Omit the images and output every line of the data below exactly.

Segment Start: Raw data

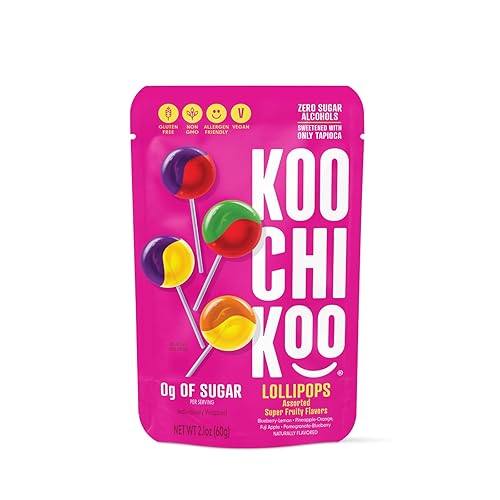 Miniatura 3 de Koochikoo Bolsa de piruletas orgánicas sin azúcar, 10 unidades (paquete - 3)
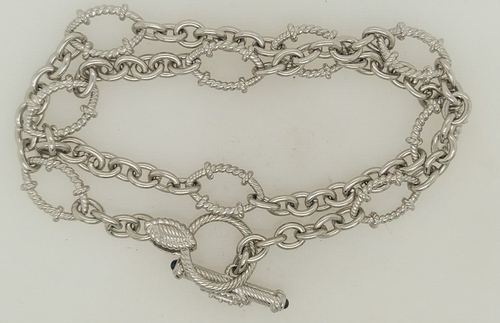 Judith Ripka Sterling Silber Knebelkette Halskette ca. 18 zoll - Bild 2 von 5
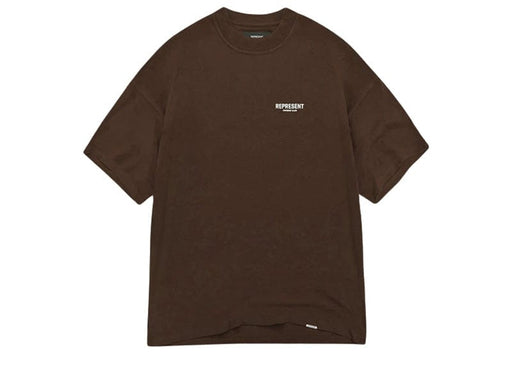 Represent Owner's Club T-Shirt Brown/White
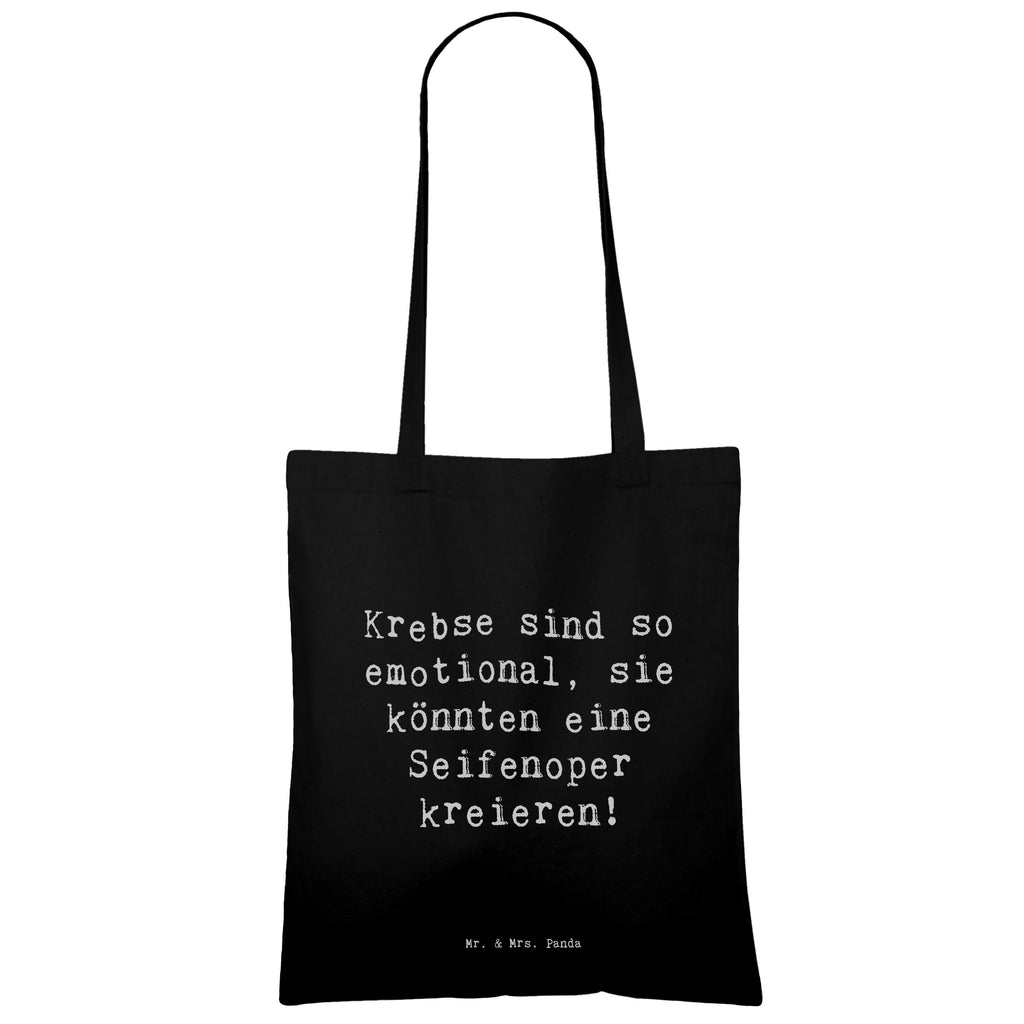 Tragetasche Spruch Emotionaler Krebs Beuteltasche, Beutel, Einkaufstasche, Jutebeutel, Stoffbeutel, Tasche, Shopper, Umhängetasche, Strandtasche, Schultertasche, Stofftasche, Tragetasche, Badetasche, Jutetasche, Einkaufstüte, Laptoptasche, Tierkreiszeichen, Sternzeichen, Horoskop, Astrologie, Aszendent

Segment End: Raw data

◆ Written reply:
 Miniatura 3 de Koochikoo Bolsa de piruletas orgánicas sin azúcar, 10 unidades (paquete - 3)
 Judith Ripka Sterling Silber Knebelkette Halskette ca. 18 zoll - Bild 2 von 5
 Represent Owner's Club T-Shirt Brown/White
 Tragetasche Spruch Emotionaler Krebs Beuteltasche, Beutel, Einkaufstasche, Jutebeutel, Stoffbeutel, Tasche, Shopper, Umhängetasche, Strandtasche, Schultertasche, Stofftasche, Tragetasche, Badetasche, Jutetasche, Einkaufstüte, Laptoptasche, Tierkreiszeichen, Sternzeichen, Horoskop, Astrologie, Aszendent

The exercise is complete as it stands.